Si yo fuera vagabundo, sería una reata en Street Fighter 2, en Final Fight, en Bad Dudes y en otro par de juegos más. ¿No?

¿O nos referimos al sentido romántico del vagabundo? ¿Del pintor ese que va persiguiendo Sandy Bell por toda ehm, Gran Bretaña? En ese caso, sería un cabrón guapísimo, con un morral al hombro, pintando por hogazas de pan y café.

La verdad es que... ser un vagabundo... No me parece nada romántico. Una vez, recuerdo que caminaba para ir a pagar una cuenta de luz. Llevaba más dinero del acostumbrado en las manos. Caminaba sobre patriotismo y me encontré a un viejo vagabundo, de unos 60-70 años. Su olor era característicamente repugnante y se notaba a varios pasos de distancia. Entre los días sin bañar, los orines, la mierda. El señor, asumo, estaba enfermo de algo. Usaba un sombrero de paja ya desgastado y la acostumbrada gabardina hecha jirones de tela.

El hombre se inclinó y tenía una expresión entre dolor y angustia. Noté debajo de él, y se estaba orinando al parecer.

Es una de las imágenes más vívidas que tengo de mi vida adulta. El hombre volteó a mirarme a los ojos. Una de esas imágenes que cuando vas acompañado de alguien, rompen toda conversación y restan la saturación al mundo. Nos volvemos grises, nos volvemos el vagabundo y muy dentro, sabemos que no lo somos. Que tenemos un lugar donde cagar, que tenemos un varo para las chelas, y que por más que hemos dado un par de monedas a otros vagabundos como él, no podemos evitar que estén en nuestras calles, cagándose a plena luz del día.

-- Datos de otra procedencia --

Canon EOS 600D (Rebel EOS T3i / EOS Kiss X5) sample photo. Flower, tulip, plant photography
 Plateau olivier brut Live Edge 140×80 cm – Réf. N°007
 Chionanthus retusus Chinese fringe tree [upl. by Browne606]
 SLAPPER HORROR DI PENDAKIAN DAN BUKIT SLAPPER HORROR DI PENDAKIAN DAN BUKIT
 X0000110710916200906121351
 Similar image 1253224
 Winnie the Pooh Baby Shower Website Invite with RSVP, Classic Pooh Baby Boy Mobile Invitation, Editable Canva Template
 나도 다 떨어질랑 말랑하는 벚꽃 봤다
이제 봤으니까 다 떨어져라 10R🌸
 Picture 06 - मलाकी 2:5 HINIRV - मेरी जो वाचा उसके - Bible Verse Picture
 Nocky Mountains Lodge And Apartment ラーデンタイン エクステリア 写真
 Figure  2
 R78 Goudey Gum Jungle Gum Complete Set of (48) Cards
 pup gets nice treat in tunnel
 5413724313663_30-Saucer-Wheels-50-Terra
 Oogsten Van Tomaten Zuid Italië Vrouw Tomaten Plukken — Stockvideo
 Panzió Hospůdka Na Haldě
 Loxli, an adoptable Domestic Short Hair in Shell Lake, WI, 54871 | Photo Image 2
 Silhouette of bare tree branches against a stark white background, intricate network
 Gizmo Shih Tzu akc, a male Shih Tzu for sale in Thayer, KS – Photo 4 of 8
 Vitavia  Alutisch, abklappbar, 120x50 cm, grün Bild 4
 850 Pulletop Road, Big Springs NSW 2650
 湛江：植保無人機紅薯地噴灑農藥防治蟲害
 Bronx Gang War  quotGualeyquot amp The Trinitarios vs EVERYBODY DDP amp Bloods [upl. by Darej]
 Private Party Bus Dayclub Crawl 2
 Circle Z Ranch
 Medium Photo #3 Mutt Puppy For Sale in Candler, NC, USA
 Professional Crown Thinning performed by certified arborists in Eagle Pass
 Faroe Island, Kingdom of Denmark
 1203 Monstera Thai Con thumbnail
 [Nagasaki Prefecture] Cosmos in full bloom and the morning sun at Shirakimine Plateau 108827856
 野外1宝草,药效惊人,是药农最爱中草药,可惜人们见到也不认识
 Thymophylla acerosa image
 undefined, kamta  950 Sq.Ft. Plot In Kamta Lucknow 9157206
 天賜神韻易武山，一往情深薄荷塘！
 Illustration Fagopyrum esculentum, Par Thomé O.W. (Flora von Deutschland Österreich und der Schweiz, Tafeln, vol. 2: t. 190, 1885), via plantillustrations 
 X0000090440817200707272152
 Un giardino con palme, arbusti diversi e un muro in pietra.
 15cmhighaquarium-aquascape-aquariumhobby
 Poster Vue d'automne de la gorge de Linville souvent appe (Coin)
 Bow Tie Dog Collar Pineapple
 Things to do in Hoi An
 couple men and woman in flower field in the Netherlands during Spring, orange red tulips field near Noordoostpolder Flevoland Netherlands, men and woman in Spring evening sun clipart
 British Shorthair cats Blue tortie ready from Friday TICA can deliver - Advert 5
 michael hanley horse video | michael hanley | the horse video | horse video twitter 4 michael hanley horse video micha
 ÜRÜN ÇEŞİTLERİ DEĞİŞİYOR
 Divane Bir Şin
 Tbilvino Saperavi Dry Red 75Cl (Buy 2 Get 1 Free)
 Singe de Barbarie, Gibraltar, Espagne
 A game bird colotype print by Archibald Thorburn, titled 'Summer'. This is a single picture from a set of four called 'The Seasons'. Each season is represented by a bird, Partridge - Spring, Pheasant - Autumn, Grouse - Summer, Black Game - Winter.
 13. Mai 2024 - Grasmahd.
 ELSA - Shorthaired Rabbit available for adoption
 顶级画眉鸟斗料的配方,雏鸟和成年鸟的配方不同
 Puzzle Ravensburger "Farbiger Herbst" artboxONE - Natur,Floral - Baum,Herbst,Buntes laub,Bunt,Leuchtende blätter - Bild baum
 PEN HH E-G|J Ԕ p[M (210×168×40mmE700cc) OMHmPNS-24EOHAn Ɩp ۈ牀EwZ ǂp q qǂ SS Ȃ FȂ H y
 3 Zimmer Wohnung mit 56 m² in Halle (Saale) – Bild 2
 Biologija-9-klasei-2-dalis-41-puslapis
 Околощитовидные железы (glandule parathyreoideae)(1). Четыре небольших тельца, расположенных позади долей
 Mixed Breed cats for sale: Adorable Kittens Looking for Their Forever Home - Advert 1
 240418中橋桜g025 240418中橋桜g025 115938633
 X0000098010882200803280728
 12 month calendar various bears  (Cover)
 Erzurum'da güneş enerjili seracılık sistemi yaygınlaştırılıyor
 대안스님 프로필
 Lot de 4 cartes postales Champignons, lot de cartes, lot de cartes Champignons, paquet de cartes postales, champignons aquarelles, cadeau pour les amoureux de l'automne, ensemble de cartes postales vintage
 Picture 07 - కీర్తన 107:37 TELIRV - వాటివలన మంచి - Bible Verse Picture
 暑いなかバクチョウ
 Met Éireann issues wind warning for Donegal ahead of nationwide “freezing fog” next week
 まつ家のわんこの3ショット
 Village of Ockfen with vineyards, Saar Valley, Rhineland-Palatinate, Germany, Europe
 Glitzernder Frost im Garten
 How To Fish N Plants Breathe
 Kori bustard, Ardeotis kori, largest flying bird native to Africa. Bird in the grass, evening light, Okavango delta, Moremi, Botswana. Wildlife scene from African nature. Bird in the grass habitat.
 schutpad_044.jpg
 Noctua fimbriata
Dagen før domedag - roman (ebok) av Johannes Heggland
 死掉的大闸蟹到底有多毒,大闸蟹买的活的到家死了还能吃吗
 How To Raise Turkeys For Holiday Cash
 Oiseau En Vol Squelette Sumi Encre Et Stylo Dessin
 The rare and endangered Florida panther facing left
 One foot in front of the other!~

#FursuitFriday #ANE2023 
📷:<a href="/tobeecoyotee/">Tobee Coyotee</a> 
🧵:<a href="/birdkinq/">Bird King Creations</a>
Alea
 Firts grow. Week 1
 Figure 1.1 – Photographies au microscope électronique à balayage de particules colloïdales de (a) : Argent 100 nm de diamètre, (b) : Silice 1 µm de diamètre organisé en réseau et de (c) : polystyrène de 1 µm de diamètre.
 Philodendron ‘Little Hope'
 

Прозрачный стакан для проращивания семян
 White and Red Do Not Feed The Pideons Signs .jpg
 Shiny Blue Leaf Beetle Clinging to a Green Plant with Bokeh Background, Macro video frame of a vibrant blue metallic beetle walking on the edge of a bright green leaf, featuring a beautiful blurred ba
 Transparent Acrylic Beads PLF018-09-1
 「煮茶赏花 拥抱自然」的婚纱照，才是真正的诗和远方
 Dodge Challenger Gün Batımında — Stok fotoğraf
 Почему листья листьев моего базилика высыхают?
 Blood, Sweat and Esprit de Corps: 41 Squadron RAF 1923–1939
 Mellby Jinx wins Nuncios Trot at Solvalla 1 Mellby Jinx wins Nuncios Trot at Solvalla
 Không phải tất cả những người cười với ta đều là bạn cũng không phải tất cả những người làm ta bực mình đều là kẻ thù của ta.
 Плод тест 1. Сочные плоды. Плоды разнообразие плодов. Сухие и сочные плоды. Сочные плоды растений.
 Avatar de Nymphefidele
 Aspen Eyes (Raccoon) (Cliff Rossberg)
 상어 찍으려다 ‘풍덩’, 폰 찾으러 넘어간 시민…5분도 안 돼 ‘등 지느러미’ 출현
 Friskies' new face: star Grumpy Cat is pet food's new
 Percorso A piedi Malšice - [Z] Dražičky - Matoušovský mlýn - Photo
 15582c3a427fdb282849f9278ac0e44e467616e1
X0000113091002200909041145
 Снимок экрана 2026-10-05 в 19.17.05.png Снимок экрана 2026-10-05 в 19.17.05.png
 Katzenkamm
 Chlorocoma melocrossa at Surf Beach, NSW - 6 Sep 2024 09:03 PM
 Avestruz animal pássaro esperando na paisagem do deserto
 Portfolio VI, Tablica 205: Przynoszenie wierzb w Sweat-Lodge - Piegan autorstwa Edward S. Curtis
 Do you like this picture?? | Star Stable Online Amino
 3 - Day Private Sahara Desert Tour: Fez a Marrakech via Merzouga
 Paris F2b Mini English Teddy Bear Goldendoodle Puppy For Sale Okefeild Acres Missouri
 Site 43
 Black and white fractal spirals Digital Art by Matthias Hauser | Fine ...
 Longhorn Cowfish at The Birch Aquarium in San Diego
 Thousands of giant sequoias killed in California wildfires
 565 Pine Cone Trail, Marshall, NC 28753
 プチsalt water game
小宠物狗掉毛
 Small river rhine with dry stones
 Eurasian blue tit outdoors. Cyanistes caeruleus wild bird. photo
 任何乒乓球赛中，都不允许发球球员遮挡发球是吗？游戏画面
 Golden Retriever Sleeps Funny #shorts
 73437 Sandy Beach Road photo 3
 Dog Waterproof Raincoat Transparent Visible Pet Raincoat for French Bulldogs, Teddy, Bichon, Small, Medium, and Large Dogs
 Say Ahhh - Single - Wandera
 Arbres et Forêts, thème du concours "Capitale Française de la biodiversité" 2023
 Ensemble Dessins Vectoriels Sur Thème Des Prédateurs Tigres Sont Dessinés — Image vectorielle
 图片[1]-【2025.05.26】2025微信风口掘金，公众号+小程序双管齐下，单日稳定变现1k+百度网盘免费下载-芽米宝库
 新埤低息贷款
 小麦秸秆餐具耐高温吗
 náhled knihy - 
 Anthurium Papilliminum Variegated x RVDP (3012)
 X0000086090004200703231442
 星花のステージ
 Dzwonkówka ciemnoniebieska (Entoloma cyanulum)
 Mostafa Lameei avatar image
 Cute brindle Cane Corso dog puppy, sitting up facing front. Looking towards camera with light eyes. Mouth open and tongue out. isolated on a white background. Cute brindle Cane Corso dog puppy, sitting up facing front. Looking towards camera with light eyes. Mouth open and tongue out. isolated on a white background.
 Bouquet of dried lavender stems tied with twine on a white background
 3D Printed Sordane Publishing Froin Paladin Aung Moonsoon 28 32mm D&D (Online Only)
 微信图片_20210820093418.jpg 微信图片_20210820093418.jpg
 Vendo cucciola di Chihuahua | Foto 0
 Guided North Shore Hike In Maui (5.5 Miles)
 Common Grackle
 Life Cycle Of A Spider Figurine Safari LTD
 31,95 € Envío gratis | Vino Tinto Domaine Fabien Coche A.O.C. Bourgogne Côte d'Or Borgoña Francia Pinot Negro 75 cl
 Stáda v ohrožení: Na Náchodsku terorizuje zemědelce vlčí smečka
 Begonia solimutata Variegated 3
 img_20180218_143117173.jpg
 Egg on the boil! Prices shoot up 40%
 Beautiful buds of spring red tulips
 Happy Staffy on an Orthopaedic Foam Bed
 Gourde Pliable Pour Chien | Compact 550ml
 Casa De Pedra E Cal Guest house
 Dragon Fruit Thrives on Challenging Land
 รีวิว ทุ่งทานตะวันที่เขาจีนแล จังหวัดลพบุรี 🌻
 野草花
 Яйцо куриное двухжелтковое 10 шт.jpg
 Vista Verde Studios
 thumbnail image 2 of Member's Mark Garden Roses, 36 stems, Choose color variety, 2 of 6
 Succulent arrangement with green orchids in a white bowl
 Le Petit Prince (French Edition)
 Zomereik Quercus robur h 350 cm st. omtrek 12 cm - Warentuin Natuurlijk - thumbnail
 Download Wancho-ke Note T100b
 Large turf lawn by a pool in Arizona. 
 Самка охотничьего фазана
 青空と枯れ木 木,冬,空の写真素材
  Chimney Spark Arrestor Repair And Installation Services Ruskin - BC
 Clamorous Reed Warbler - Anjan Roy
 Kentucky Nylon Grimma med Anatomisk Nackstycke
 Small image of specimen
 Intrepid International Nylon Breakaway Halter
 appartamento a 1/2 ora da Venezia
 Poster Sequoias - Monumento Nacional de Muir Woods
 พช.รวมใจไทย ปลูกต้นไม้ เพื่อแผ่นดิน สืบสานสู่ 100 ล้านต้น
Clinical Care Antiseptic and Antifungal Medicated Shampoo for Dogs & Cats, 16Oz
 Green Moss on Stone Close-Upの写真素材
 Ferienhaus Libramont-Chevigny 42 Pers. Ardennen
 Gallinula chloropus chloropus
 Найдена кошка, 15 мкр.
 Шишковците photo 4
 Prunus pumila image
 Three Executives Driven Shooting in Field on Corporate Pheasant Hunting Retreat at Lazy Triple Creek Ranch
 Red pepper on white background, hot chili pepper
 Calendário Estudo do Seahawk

Y eso me llevó al otro vagabundo que recuerdo... aquel que caminó a la parada de autobús que tomaba cuando salía del trabajo. Un hombre en sus 25-30, moreno... El vagabundo me dijo algunas groserías, se rió de mí, y yo lo miraba nada más, esperando que pasara algo. Caminaba mal, se movía en círculos y la mirada estaba perdida, aún con sus destellos de dios travieso. En el caso de que nos agarraramos a putazos, y a no ser que fuera un cinta negra disfrazado, bueno... quedaría en el suelo. Incluso me sentiría mal después por no darle unas monedas para que se comprara un taco en esa esquina.

Llegó mi camión, me subí para evitar cualquier escena vergonzosa.

-Todos somos -me dijo el vagabundo. No terminó, sólo dijo: "Todos somos".

Todos somos.

Hasta la fecha, me sigo preguntando que quiso decir. Aunque en mi corazón, tengo una respuesta lamentable y muy sencilla: Todos somos como tú. Todos somos como un vagabundo.